Mendonças choreografische Arbeit ist von der Suche nach zukunftsfähigen Beziehungsformen
zu ehemals kolonialisierten Landschaften angetrieben.
Die Collage einer Landschaft
Die Tänzerin Marília Silva scheint mit der installativen Kollage aus Licht, Klängen und den
Bewegungen der Materialien aus Plastik und Stoff zu verschmelzen. Die Erde, das Salz und der
Wind der Atacama-Wüste werden zu präsenten Mit-Akteuren in ihrem Erinnerungsraum. Sie
erzählen eigene Geschichten des Ortes, an dem sich die Begegnungen zwischen Menschen und
der Natur abspielen. Im sandfarbenen Licht erklingen abwechselnd Gespräche und
Straßengeräusche und dann wieder das Rauschen des Windes, während Projektionen von
Landschaftsaufnahmen die Tänzerin in ihrem ebenso sandfarbenen Kostüm verschlingen. Wie
die Elemente Erde, Salz und Wind haben auch die Requisiten ihre eigenen Erzählungen. Im
Windzug der Ventilatoren lässt Marília Silva ein kupferfarbenes Pom-Pom wie Steppenläufer
über die Bühne rollen, Salz über die Bühne wehen und Luftballons darin tanzen. Die Zeit scheint
gedehnt, der Fokus liegt im Detail und zoomt dann wieder heraus in die Panoramasicht.
Lebendige Berge
Auf den Spuren ihrer Erlebnisse sucht Mendonça in LandScaping 0.4 nach ihren
Bezugsmöglichkeiten zu der Lebendigkeit einer Landschaft und gibt Einblicke in die Gespräche
mit Einwohner*innen über ihre Beziehung zu der Landschaft: Die Wüste ist „heilig wegen der
Menschen, die vor uns hier gelebt haben. Das ist es, was sie heilig macht“. Über die Projektion
kann die Übersetzung mitgelesen werden. Das Stück endet mit einem Bild, das wiederum an
den Beginn erinnert.
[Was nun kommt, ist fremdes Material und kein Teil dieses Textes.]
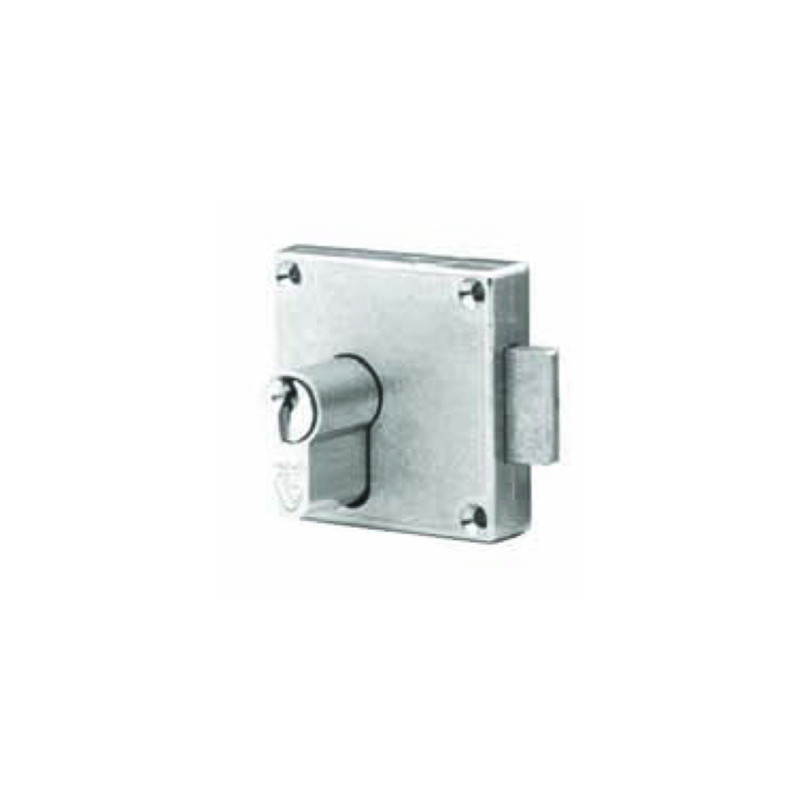 Coffre carré 5364 pour profilé européen - VACHETTE ASSA ABLOY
Im kupferfarbenen Knäul verhüllt, windet sich Silva über die Bühne aus dem
Foyer und auf den sandigen Hof hinaus.
Nach dem Applaus bleibe ich noch für einen Moment sitzen und lasse das Erlebte nachwirken.
Worin bestehen die Unterschiede von erlebter, erinnerter und imaginierter Landschaft? Ich bin
nie in der Atacama-Wüste gewesen, konnte ihre Hitze und Trockenheit an einem lauen
Frühlingsabend in Köln nicht spüren. Trotzdem bleibt das Gefühl, ich selbst hätte mich an eine
Landschaft erinnert, die ich einmal durchschritten habe.